On Monday the 12th of June of that year the Waterloo driller's truck and trailer manned by Sam Vales and Peter Russell left Waterloo and travelled to Sault Ste Marie to begin a two week collecting trip. Local assistance at various sites had been arranged prior to that time. Jim Kral and Paul Beach of the Ontario Department of Mines had done some searching in the Sault area for suitable rocks and were ready for us.

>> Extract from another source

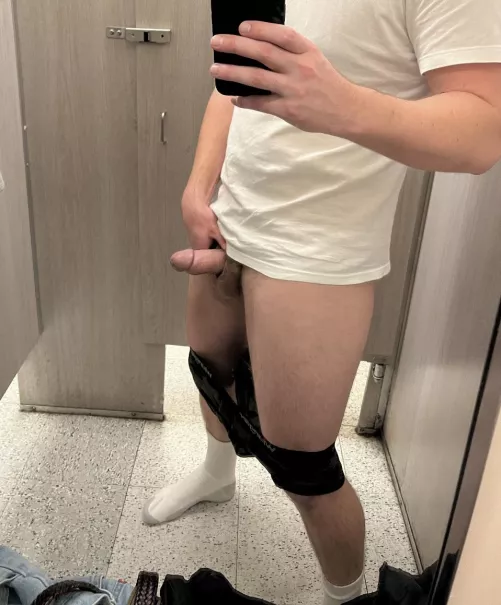 Bricked up in the Ross changing room🤷🏻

The first day was spent picking out suitable specimens because we had to make good use of the crane ordered for the next day. The most difficult rock to find was jasper conglomerate. Jim knew a lady whom he was sure would part with a piece. When he asked her, she said she needed all the specimens and none was looking for a good home. We retreated to a gravel pit along Highway 17 near Sault Ste Marie. At the bottom we found an attractive piece of jasper conglomerate. Jim drove back to the office to find the owner of the quarry and to arrange for permission to collect it. He did find the name of the owner but after numerous attempts the party telephone line remained busy. The calling was passed over to Peter and at about 10:00 pm he finally made contact with Mr Baldwin. The pit owner was surprised that a university would be interested in acquiring a rock. He was delighted to donate the 2 tonne specimen and said he would like to be there when we picked it up at 8:00 am the next morning.

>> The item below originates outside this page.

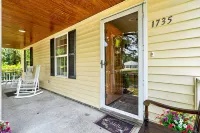 Sweetgrass Cottage 3 Bedroom Home - 4-Star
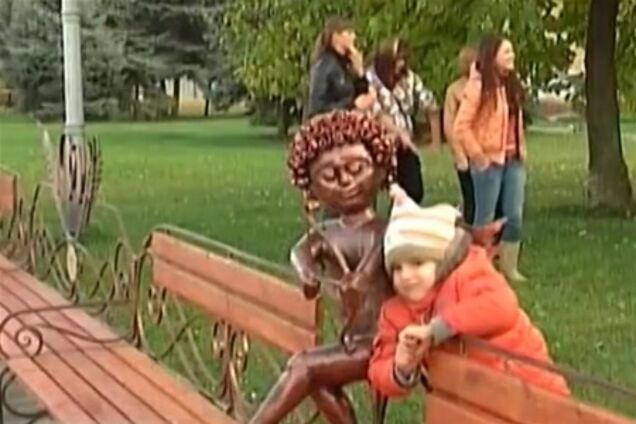 Дніпропетровськ. Набережну прикрасила найдовша в Україні лавочка. Відео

We drove crane, truck and trailer to the bottom of the pit and loaded the rock onto the trailer only to discover that the soft sand at the bottom of the pit had trapped our fleet. We eventually escaped by attaching a cable from the driller's truck and trailer to the crane and from there to the pit's payloader. By pulling slowly, everything was set free!
Rental of the crane was very expensive, but we managed to cut costs for the remaining rocks with the help of Ontario Hydro crews, tow truck operators, chains, ramps made of wood planking, muscle, and mine-owned payloaders. Collecting became easier as news of our travels appeared in the local newspapers.

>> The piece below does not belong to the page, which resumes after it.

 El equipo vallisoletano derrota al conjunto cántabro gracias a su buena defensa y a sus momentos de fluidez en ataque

Our first collecting trip gathered 19 varieties of rock including jasper conglomerate, argillite and quartzites, Gowganda conglomerate, glacial striated quartzite, Jacobsville sandstone and basalt from the Sault St. Marie and Elliot Lake area. Gold ores from Timmins and Hemlo, anorthosite and iron ore from Wawa, banded iron formation from Timiskaming, Vermilion Bay granite, stromatolitic marble and amethyst from Thunder Bay rounded out the treasures from our two week effort.
Our initial gathering of 20 tonnes of rock continues to grow with new donations each year. Some donations are in memory of Waterloo students and staff. One commemorates the 40th anniversary of Waterloo co-op program and others are donated by mine owners.
In 1998 a five tonne piece of sodalite syenite was donated by Andy Christie of the Princess Sodalite Mine, Bancroft, in memory of Elizabeth Edwards, long time staff member of the Earth Sciences Department. (picture in the last issue of Wat on Earth). The garden now has over 50 tonnes of rocks. All rocks are labelled using cast bronze plaques detailing geological age, name, location and the name of the donor.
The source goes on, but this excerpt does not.